> [WHAT TO PRODUCE] Omitting all pictures, copy word for word the lines from the line containing "Poupée Chiffon Roi" through the final line of the entries.

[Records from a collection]

==*==

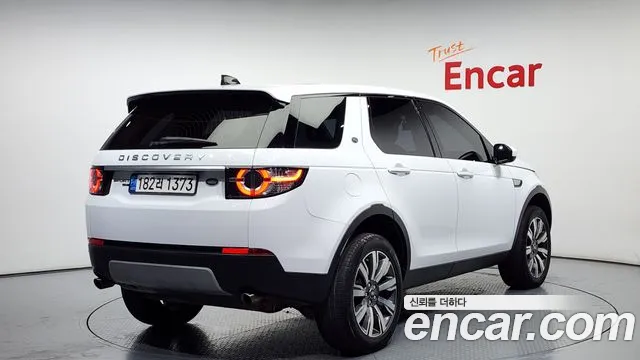 Land Rover Discovery Sports id 2267349 из Кореи 12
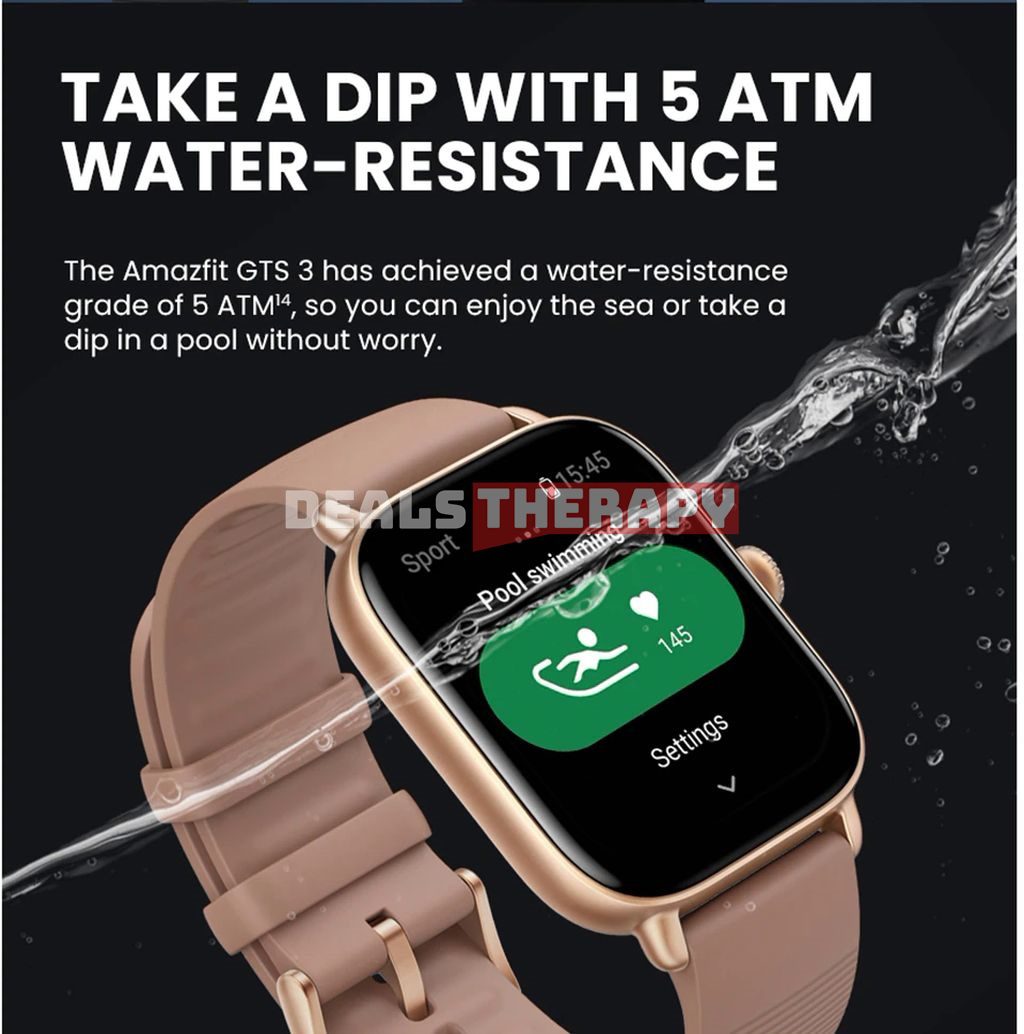 Amazfit GTS 3 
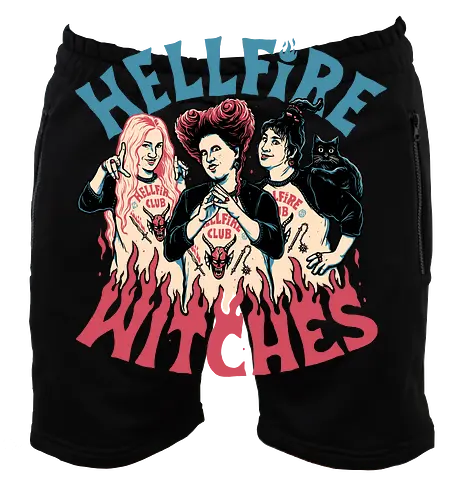 Hellfire Witches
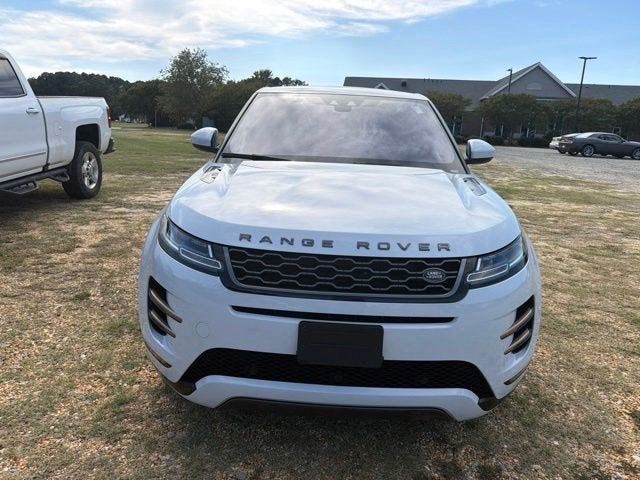 2020 Land Rover Range Rover Evoque R-Dynamic S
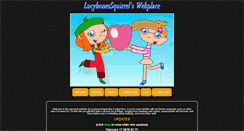 Desktop Screenshot of lajnus.com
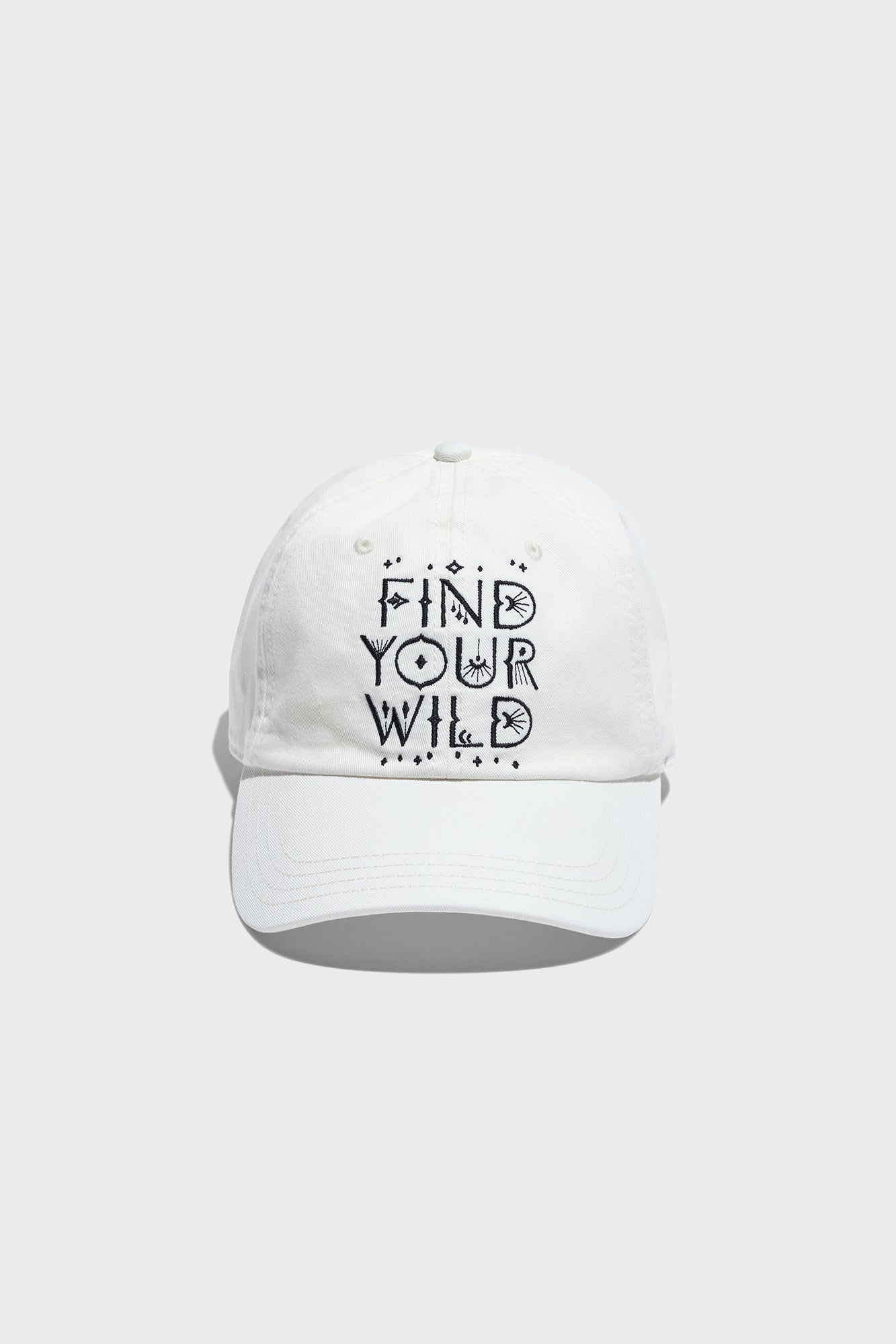 Find Your Wild Dad Cap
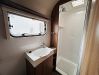 Used Bailey Pegasus Verona 2017 touring caravan Image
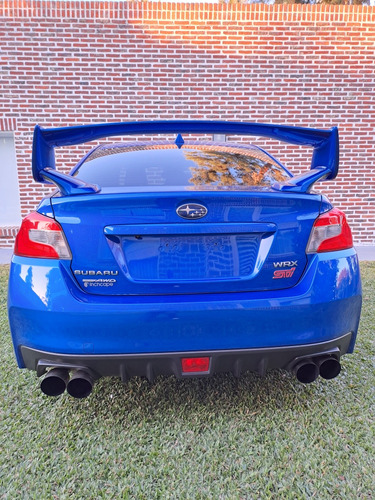 Wrx Sti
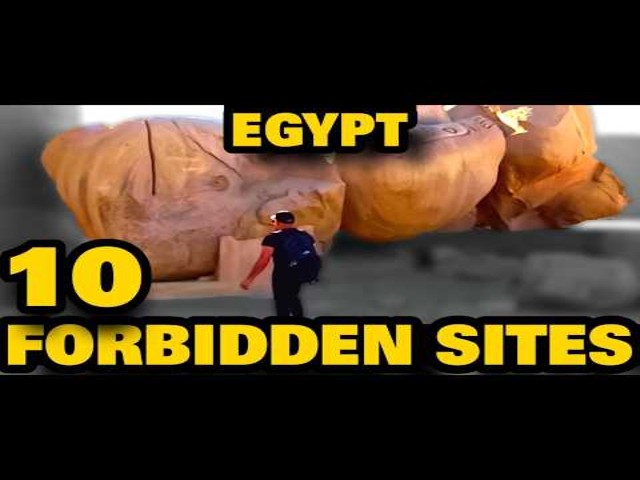 I Spent 6 Months in Forbidden Egypt — Here's What I Found Inside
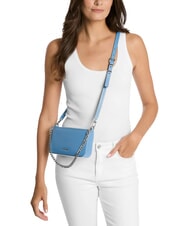 MICHAEL KORS BRYANT Mini-Schultertasche mit Schultergurt Blau - Damentaschen - 2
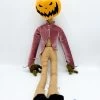 Poupée Chiffon Roi Des Citrouilles Disney Store L'étrange Noël De Mr Jack Peluche Pumpkin King -Disney peluche roi citrouille disney store etrange noel mr jack 0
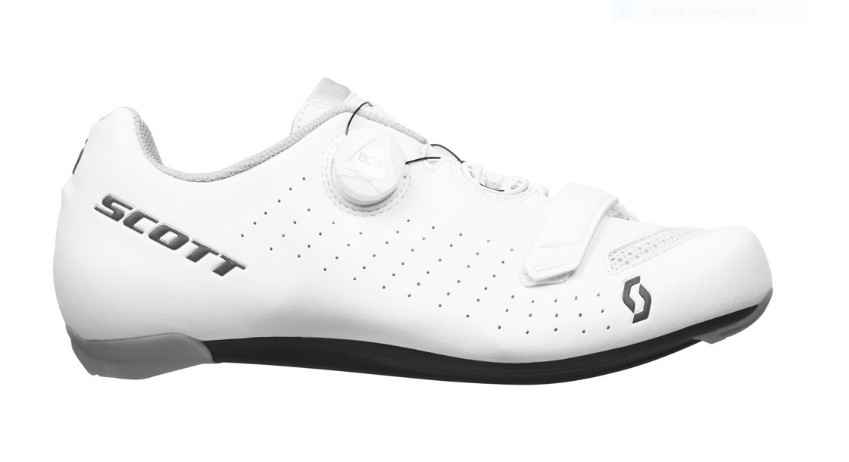 SCOTT Chaussures route Comp Boa – metallic blue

==*==

> [WRITTEN ANSWER]
 Poupée Chiffon Roi Des Citrouilles Disney Store L'étrange Noël De Mr Jack Peluche Pumpkin King -Disney peluche roi citrouille disney store etrange noel mr jack 0
 SCOTT Chaussures route Comp Boa – metallic blue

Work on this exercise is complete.